On appeal, Louisiana’s Third Circuit discussed Chandris, and the Supreme Court’s test for seaman status.  Essentially, Plaintiff complained that the “trial court incorrectly based its finding that he failed to carry his burden to prove that he was a Jones Act seaman solely based upon how much time he physically spent on a vessel.”  The appellate court disagreed:

Our review of the record does not indicate that the trial court found [Plaintiff] was not a seaman based solely because he was not working on the RAM VII 50% of the time.  Rather, it is clear that the trial court determined that [Plaintiff] was not credible and, as such, it did not give credence to his assertion that he spent 50% of his time working on the RAM VII.  The trial court then cited testimony contrary to [Plaintiff’s] assertion that he spent 50% of his time physically on the RAM VII.

In essence, the trial court did not believe Plaintiff’s allegations that he spent 50% of his time on a vessel.  Because the Supreme Court’s Chandris test requires consideration of the amount of time a seaman is on a vessel, Plaintiff’s lack of credibility was fatal to his claim.

But that’s not all.  The appellate court also discussed the evidence that refuted Plaintiff’s claims that he was a seaman.  The court cited testimony of a former employee, a present employee, and the employer’s safety manager.  The testimony refuted Plaintiff’s allegations that he worked 50% of the time on the RAM VII.  Indeed, “[t]he summation of the witness testimony can reasonably be interpreted that [Plaintiff’s] connection to the RAM VII was tenuous and, therefore, not substantial in duration or nature as required by the second prong of the Chandris test.”  Accordingly, Plaintiff was not a seaman and the trial court did not err.

Troglen v. Hydraulic Well Control, 2014-308 (La. App. 3 Cir. 10/8/14); — So. 3d —-.

The Supreme Court Denied Review in Dize and Other Maritime Cases

The Supreme Court is back in session.  On October 6, 2014, the Court issued its Orders list, wherein a large number of cases were denied certiorari.  Accordingly, the Court will not review:

Dize v. Association of Maryland Pilots.  The question presented in Dize was whether, when applying the Chandris, Inc. v. Latsis thirty-percent rule–that, ordinarily, a qualifying “seaman” under the Jones Act must spend thirty percent or more of his time in service of a vessel in navigation–a court may consider the time a maritime worker spends in the service of a vessel in navigation that is moored, dockside, or ashore, as the Third, Fifth, Sixth, and Ninth Circuits have held, or whether a court must categorically exclude such time, as the Eleventh Circuit and the Maryland Court of Appeals have held.

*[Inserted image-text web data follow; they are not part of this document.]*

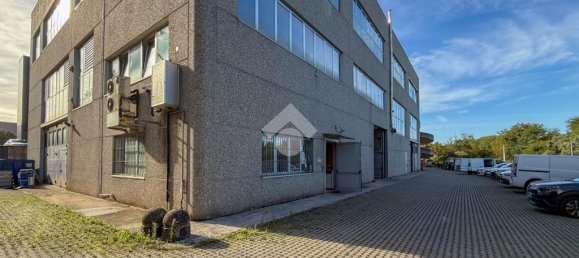 Almacén de 2 habitaciónes en Bulciago, Italy No. 341371 11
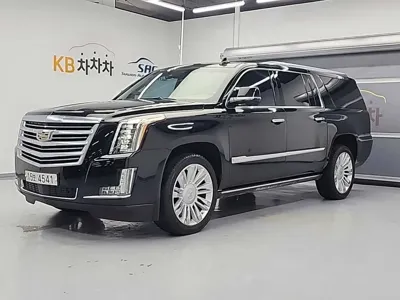 Cadillac Escalade · 2017 год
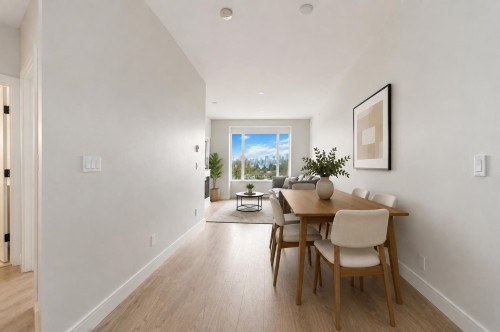 409-1633 Tatlow Avenue, North Vancouver, BC - Indoor Photo Showing Dining Room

Gonzalvez v. Celebrity Cruises, Inc.  The petitioners asked the Court to consider whether seamen are statutorily exempt from the 3-month limitations period under Chapter 1 of the Federal Arbitration Act.  This case arose from dispute about sharing gratuities under the Seaman’s Wage Act.  This link will take you to Lisa Schaeffer’s Lexis article “U.S. Supreme Court Denies Cert for Celebrity Cruise Line Workers.”

Downer v. Royal Caribbean Cruises, Ltd.  This case asked inter alia whether the Eleventh Circuit’s decision compelling arbitration for seafarers’ claims against a cruise line, under foreign law, deprives them of their American statutory rights in violation of the “effective vindication doctrine.”

Lyles v. Seacor Marine.  In Lyles, the plaintiff lost a Jones Act and maintenance and cure claim nearly ten years before trying to reassert his claims.  The Fifth Circuit denied the plaintiff’s claims and also admonished the plaintiff, writing that “future frivolous, repetitive, or otherwise abusive filings may result in the imposition of sanctions, including dismissal, monetary sanctions, and restrictions on his ability to file pleadings in this court or any court subject to [Fifth Circuit] jurisdiction.”